Socioeconomic Differences in Occupational Health Service Utilization and Sickness Absence Due to Mental Disorders: A Register-Based Retrospective Cohort Study

Int. J. Environ. Res. Public Health 2020, 17(6), 2064; https://doi.org/10.3390/ijerph17062064
by Jaakko Harkko 1,*, Hilla Sumanen 1,2,3, Olli Pietiläinen 2, Kustaa Piha 2, Minna Mänty 2,4, Tea Lallukka 2, Ossi Rahkonen 2 and Anne Kouvonen 1,5,6
Reviewer 1:
Reviewer 2: Anonymous
Int. J. Environ. Res. Public Health 2020, 17(6), 2064; https://doi.org/10.3390/ijerph17062064
Submission received: 24 February 2020 / Revised: 14 March 2020 / Accepted: 17 March 2020 / Published: 20 March 2020
(This article belongs to the Section Health Care Sciences & Services)

Round 1

Reviewer 1 Report

The authors conducted a retrospective study investigating whether socioeconomic differences in the utilization of health care services predict sickness absence due to mental disorders.  Overall, this is an important study and a well-written manuscript.  Some suggestions/questions follow that could be considered.

 

Introduction

  1. Line 39 and 40 – sentence needs rewording for clarity
  2. Line 42 and 43 – why has timely access to treatment been a challenge?
  3. Line 48 – any mental health professionals other than psychologists?
  4. Might provide more background regarding the current state of the literature on this general topic and what gaps this research fills


Materials and methods

  1. Lines 77 - 79 – why did the study population not include subjects over age 54?
  2. Lines 81 – 83 – please clarify that sickness absence was defined as being of work for > 11 days?
  3. Lines 103 – 113 – it would be helpful to add education equivalents for US and perhaps readers from other countries who use different terminologies than Finland.  For example, what is the US equivalent of “comprehensive school?”  Also – how was the occupational classification categorization determined?  For example, why is a teacher considered a professional and a nurse considered semi-professional?   From a US reader standpoint – these classifications seem dated.


Discussion

  1. Do the authors want to say more about potential reasons for high frequency primary care visits and higher utilization of SA concentrating among lower SEP groups and/or reference some existing literature about this?

Conclusions

  1. Line 287 & 288 – how did the investigators reach the conclusion that “We found that there are group of young lower SEP 287 employees with high SA due to mental disorders that traditional services do not reach.”?  Didn’t this group actually receive a lot of services?  Or is it that the services were ineffective?

Author Response

Response to Reviewer 1 Comments

Comment 1: The authors conducted a retrospective study investigating whether socioeconomic differences in the utilization of health care services predict sickness absence due to mental disorders.  Overall, this is an important study and a well-written manuscript.  Some suggestions/questions follow that could be considered.
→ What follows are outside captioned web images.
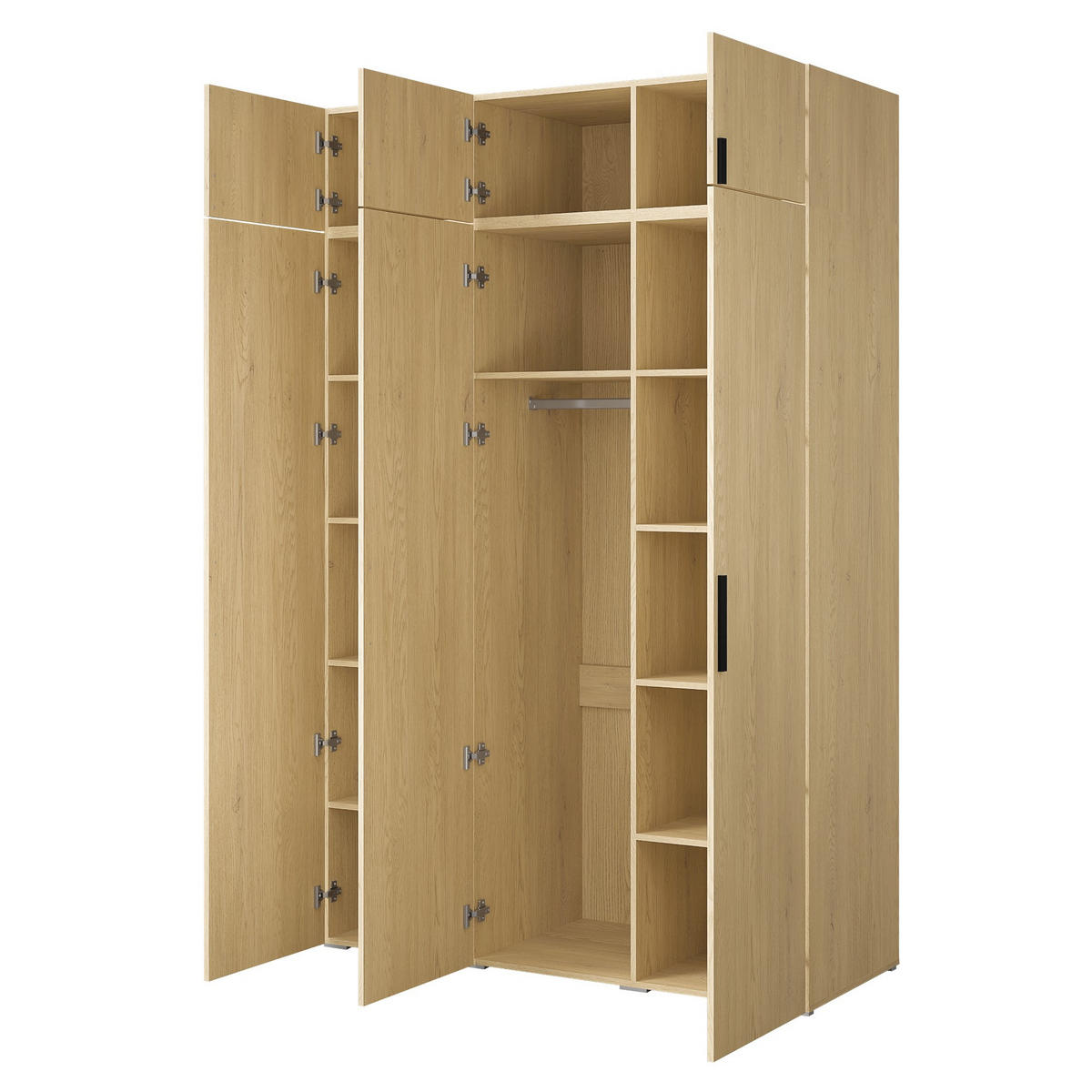 DREHTÜRENSCHRANK mit Aufsatz Napoli 3D 150 Eiche Cremona (schwarzer oder goldener Griff) - Eichefarben/Silberfarben, Holzwerkstoff/Kunststoff (150/35/60cm) - mzm24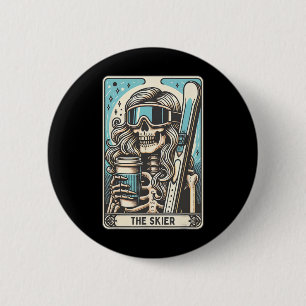 Macaron Rond 5 Cm Retro Skier Carte Tarot Funny Skeleton Skier Sk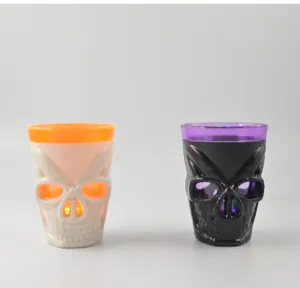 Bicchierino teschio luminoso Halloween tazza scheletro lampeggiante LED feste bar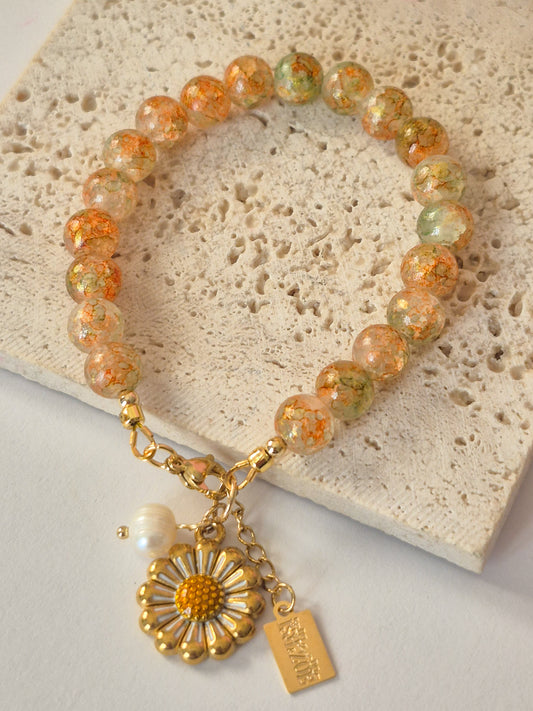 Pulsera Daisy con Cristales y Dije de Flor Dorado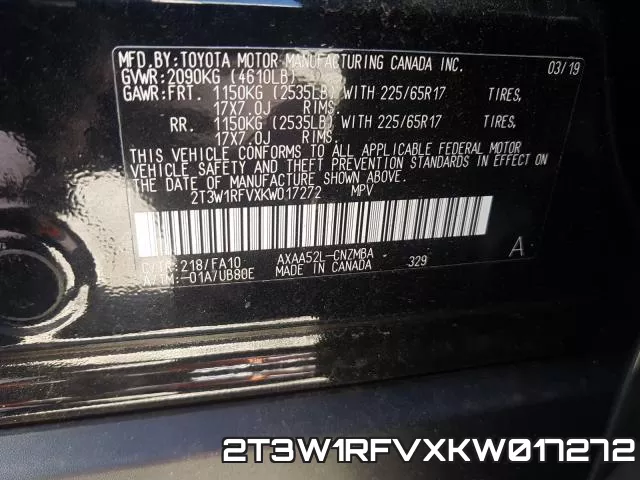 2T3W1RFVXKW017272 фото 2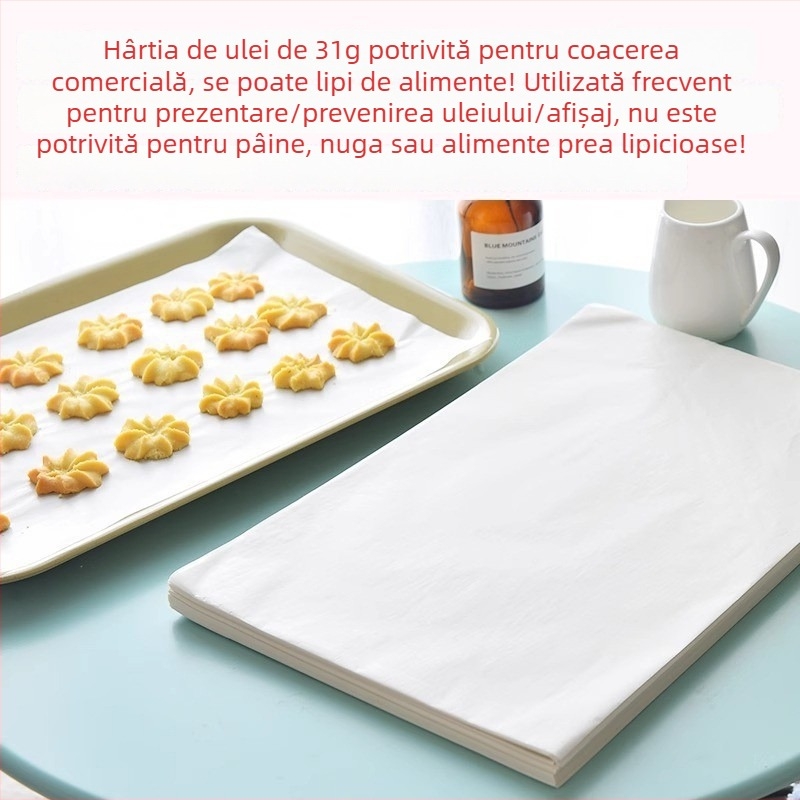 Hârtie de copt cu absorbție de ulei, antiaderentă, pentru tavă de cuptor — pentru prăjituri și pizza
Response 1: We thank the reviewer for this positive feedback.

 

Introduction

Comment 2: Line 39 and 40 – sentence needs rewording for clarity

Response 2: Thank you for noting this. We have rephrased the sentence as follows: ”Socioeconomic differences in both all-cause and mental disorder specific SA have remained large [3].” (Page 1)

 

Comment 3:  Line 42 and 43 – why has timely access to treatment been a challenge?

Response 3: Thank you for pointing this out. We have rephrased the sentence as follows: ”Although the evidence and official recommendations suggest an increased focus on prevention of mental disorders and related work disability, both the increasing trend in overall levels of prevalence and sustained socioeconomic differences in mental health related SA suggest that timely access to adequate treatment and lack of adequate provision of the prevention of mental health related hazards still constitute a major challenge.” (page 1)

 

Comment 4:  Line 48 – any mental health professionals other than psychologists?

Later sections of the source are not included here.